In ‘The Good Corn’ – a ten pager – Bates gives us an ending which takes up half a page, and is separated from the rest of the story by a line space. It is a celebratory ending, adding a scene that, rather than extending the narrative, reveals the consequence of what has happened: ‘She lifted the baby up, in the sunshine, against the blue spring sky, and laughed and shook him gently, showing him the world of leaf and flower and corn.’

This extended description is also a revelatory scene, but a much more upbeat one. In ‘The Mill’, what we already know is revealed to Alice. It is a story that takes place almost wholly within the eponymous building, and within the minds of Alice and her abuser. Its ending is fittingly interior too. In ‘The Good Corn’, the importance of the gift that the farmer and his wife have received, which they already know, is revealed to us.
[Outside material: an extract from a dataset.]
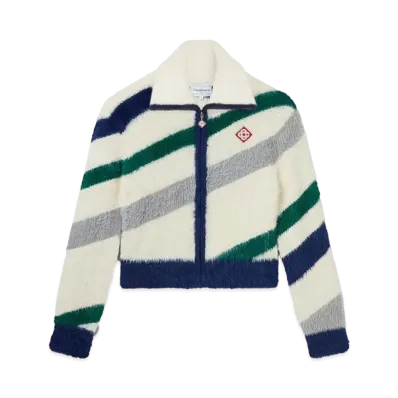 Casablanca Striped Fluffy Zip Up Jumper "Multi"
In a story of ‘the fresh air’ and long views, this ending embraces the natural world. It is outward and forward looking. Bates was an older and perhaps a wiser man when ‘The Good Corn’ was published, and had perhaps come to value the joyous revelation more than the grim one!

A comparison of the two stories gives us more than the sum of their parts. It reminds us that ostensibly similar events can be used to tell widely differing stories.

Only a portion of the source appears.